The ratio of momentum of the photons of the $1^{\text{st}}$ and $2^{\text{nd}}$ line of Balmer series of Hydrogen atoms is $\alpha/\beta$. The possible values of $\alpha$ and $\beta$ are:-

• A. 27 and 20
• B. 3 and 16
• C. 5 and 36
• D. 20 and 27

Hint:

The momentum of a photon is proportional to the energy of the transition. Use the Balmer series formula with n=3 for the 1st line and n=4 for the 2nd line.

Answer 1

The Correct Option is D

According to Bohr's model of the Hydrogen atom, when an electron transitions between energy levels, it emits or absorbs a photon. The energy $E$ of the photon is given by:
$$ E = 13.6 \left( \frac{1}{n_1^2} - \frac{1}{n_2^2} \right) \text{ eV} $$
The momentum $p$ of a photon is related to its energy $E$ by the relation $p = \frac{E}{c}$. Therefore, the momentum is directly proportional to the term $\left( \frac{1}{n_1^2} - \frac{1}{n_2^2} \right)$.

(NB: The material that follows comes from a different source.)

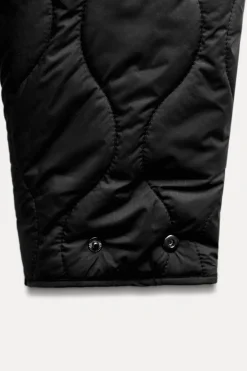 ZARA Blusões^BLUSÃO ACOLCHOADO CAPUZ Preto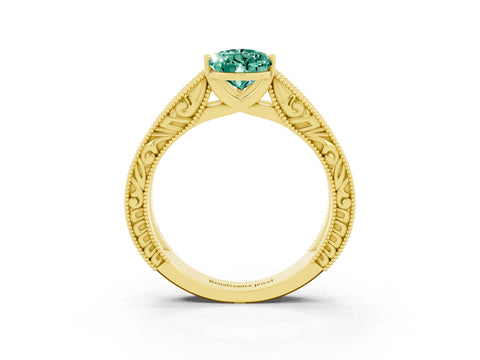 Yellow gold Pear Cut Green Sapphire Solitaire Ring with Engraved Band and Four-Prong Setting_3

For the Balmer series, the final energy state is always $n_1 = 2$.

1. For the $1^{\text{st}}$ line of the Balmer series, the transition occurs from $n_2 = 3$ to $n_1 = 2$.
$$ p_1 \propto \left( \frac{1}{2^2} - \frac{1}{3^2} \right) = \left( \frac{1}{4} - \frac{1}{9} \right) = \frac{9 - 4}{36} = \frac{5}{36} $$

2. For the $2^{\text{nd}}$ line of the Balmer series, the transition occurs from $n_2 = 4$ to $n_1 = 2$.
$$ p_2 \propto \left( \frac{1}{2^2} - \frac{1}{4^2} \right) = \left( \frac{1}{4} - \frac{1}{16} \right) = \frac{4 - 1}{16} = \frac{3}{16} $$

3. Now, we find the ratio of these momenta:
$$ \frac{p_1}{p_2} = \frac{5/36}{3/16} = \frac{5}{36} \times \frac{16}{3} $$
Simplifying the fraction:
$$ \frac{p_1}{p_2} = \frac{5 \times 4}{9 \times 3} = \frac{20}{27} $$
Since the ratio is given as $\alpha/\beta$, we have $\alpha = 20$ and $\beta = 27$.